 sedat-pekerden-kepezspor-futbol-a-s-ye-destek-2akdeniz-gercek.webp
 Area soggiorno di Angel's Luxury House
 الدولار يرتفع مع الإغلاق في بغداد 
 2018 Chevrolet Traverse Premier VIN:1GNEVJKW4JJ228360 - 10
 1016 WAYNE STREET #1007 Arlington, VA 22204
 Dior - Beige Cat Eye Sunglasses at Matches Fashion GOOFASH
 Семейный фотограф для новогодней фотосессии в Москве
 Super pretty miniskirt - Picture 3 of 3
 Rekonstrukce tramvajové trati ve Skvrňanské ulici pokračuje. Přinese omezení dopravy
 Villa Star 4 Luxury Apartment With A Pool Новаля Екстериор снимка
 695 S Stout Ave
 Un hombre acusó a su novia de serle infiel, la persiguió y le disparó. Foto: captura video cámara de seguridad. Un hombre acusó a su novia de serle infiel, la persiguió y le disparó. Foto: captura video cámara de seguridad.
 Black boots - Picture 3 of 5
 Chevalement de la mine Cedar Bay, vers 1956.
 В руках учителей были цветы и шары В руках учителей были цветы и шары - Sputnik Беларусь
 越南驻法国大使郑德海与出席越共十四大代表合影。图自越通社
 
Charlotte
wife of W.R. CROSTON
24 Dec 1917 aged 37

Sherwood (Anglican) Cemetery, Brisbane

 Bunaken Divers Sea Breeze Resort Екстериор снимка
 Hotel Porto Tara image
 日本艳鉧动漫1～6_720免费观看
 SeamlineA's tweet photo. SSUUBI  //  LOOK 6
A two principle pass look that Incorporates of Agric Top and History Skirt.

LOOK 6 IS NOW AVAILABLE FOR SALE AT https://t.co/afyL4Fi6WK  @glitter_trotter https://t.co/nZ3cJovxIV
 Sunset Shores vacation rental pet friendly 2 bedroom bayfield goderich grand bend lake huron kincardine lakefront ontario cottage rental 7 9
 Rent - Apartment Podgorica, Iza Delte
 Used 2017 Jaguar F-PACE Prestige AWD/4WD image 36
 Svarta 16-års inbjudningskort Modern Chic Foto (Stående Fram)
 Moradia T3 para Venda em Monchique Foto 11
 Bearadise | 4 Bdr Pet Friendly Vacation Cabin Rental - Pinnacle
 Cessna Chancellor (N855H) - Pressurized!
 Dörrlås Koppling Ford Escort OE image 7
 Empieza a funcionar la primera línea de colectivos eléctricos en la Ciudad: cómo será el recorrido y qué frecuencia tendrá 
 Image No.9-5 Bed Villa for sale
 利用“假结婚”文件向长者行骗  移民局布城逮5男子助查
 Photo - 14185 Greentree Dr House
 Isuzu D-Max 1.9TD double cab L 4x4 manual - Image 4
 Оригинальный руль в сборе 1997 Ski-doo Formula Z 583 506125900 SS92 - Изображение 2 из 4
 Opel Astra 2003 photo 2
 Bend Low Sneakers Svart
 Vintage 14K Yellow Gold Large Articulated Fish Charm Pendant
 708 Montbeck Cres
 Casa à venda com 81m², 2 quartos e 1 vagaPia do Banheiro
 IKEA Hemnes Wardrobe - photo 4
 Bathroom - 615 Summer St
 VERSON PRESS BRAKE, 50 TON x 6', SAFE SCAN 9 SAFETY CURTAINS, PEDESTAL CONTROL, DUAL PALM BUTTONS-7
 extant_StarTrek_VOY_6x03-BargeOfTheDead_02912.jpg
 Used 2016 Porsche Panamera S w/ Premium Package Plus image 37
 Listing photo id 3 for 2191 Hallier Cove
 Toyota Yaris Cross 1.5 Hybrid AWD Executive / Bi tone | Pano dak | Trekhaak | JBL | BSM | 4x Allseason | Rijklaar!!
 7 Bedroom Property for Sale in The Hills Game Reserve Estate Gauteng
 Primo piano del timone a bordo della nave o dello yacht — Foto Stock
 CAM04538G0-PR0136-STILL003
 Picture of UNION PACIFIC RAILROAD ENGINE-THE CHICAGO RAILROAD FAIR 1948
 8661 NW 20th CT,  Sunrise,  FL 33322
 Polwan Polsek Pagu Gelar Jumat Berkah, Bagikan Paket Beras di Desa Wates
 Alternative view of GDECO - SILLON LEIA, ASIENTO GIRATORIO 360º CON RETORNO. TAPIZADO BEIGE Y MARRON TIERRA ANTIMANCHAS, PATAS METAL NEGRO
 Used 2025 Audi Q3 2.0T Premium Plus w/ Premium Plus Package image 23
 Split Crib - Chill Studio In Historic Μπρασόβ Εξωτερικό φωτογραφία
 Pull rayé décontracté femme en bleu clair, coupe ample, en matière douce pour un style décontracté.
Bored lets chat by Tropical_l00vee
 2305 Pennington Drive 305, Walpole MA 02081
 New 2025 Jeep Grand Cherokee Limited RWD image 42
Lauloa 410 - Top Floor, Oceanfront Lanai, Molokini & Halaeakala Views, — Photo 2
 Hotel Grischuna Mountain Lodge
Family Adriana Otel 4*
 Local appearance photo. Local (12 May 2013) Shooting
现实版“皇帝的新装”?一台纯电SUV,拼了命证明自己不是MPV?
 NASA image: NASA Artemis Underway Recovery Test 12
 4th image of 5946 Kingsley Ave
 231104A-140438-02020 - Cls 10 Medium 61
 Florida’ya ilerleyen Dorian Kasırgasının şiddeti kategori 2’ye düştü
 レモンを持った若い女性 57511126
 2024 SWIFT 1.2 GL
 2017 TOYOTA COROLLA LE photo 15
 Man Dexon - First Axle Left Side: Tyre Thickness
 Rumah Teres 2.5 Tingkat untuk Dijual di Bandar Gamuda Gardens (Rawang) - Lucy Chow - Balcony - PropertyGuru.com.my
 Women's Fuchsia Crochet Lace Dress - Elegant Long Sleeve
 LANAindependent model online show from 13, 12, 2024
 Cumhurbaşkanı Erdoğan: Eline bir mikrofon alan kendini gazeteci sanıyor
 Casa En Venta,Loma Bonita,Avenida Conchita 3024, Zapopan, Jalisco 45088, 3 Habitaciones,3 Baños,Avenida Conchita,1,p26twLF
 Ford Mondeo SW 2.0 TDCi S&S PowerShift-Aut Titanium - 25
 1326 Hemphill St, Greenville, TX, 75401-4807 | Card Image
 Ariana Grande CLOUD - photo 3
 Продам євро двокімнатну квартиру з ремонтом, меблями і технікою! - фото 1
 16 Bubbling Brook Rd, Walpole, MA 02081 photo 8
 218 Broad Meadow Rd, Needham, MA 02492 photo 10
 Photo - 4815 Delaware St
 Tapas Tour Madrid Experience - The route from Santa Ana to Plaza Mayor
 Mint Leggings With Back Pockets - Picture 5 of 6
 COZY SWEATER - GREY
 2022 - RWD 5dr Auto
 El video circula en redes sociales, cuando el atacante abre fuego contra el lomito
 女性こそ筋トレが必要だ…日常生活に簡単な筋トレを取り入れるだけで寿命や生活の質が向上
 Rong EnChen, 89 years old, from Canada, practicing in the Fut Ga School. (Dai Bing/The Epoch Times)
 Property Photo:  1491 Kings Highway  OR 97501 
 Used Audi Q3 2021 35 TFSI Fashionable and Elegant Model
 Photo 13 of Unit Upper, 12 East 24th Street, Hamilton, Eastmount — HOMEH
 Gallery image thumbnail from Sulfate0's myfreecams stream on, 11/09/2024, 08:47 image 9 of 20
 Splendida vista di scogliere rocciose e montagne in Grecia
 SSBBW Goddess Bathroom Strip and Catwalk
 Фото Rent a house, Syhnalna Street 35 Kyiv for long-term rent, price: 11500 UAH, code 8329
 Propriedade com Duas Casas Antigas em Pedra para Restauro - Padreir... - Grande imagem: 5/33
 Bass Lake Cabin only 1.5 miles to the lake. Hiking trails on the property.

++++++++++

THE PROBLEM: Write down, word for word, the lines above from the one containing "2017 TOYOTA COROLLA LE photo 15" through the one containing "Ford Mondeo SW", both ends included.

EXERCISE RESPONSE:
 2017 TOYOTA COROLLA LE photo 15
 Man Dexon - First Axle Left Side: Tyre Thickness
 Rumah Teres 2.5 Tingkat untuk Dijual di Bandar Gamuda Gardens (Rawang) - Lucy Chow - Balcony - PropertyGuru.com.my
 Women's Fuchsia Crochet Lace Dress - Elegant Long Sleeve
 LANAindependent model online show from 13, 12, 2024
 Cumhurbaşkanı Erdoğan: Eline bir mikrofon alan kendini gazeteci sanıyor
 Casa En Venta,Loma Bonita,Avenida Conchita 3024, Zapopan, Jalisco 45088, 3 Habitaciones,3 Baños,Avenida Conchita,1,p26twLF
 Ford Mondeo SW 2.0 TDCi S&S PowerShift-Aut Titanium - 25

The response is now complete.